Monday, Jan. 20, 1997

WHAT'S NEXT FOR APPLE?

By David S. Jackson/San Francisco

It took Apple Computer chairman Gilbert Amelio 2 1/2 hours to say it, but Apple devotees last week finally got what they'd been waiting for: assurances that despite rumors to the contrary, the next generation of Macintosh computers will run most of the old software. The bad news is that it will be at least a year before the new system, code-named Rhapsody, is ready for public release.

"Backward compatibility," as they call it in the industry, had been an open question since last month, when Apple, after repeated setbacks in trying to keep its aging Mac OS ahead of rival Microsoft, announced that it would buy Apple co-founder Steven Jobs' NeXT Software company for $400 million and use his widely praised operating system instead. Apple officials now say the new system will not only work with most current Mac hardware and software but will probably look and feel like a Mac as well.
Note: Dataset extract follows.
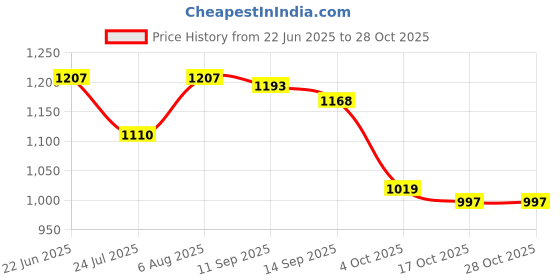 flipkart.com souland POP Moulding Die Ceiling Panel and Best Farma (Bed) wall Design souland Price History Graph from 22 Jun 2025 to 28 Oct 2025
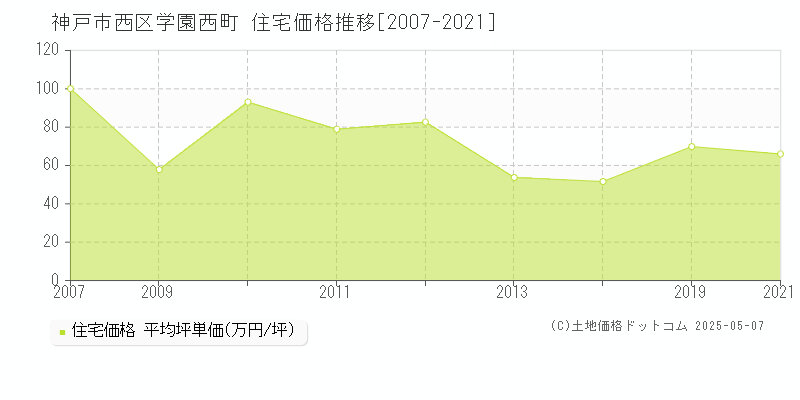 学園西町(神戸市西区)の住宅価格推移グラフ(坪単価)[2007-2021年]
Will NeXT save Apple? A few days earlier, the company warned investors to expect a quarterly operating loss of as much as $150 million; its stock plummeted 18%. Amelio blamed the loss on disappointing sales of Apple's Performa computers but insisted that his comeback plan was "still solid." Said he: "We're making a dramatic shift that's going to change everything."

That remains to be seen. One good sign is that despite his windy speech at the annual Macworld Expo in San Francisco--which featured four movie stars, three CEOs, rock singer Peter Gabriel and former heavyweight champion Muhammad Ali--most software developers came away optimistic. The big question now is whether Apple's hitherto loyal consumers will keep the faith.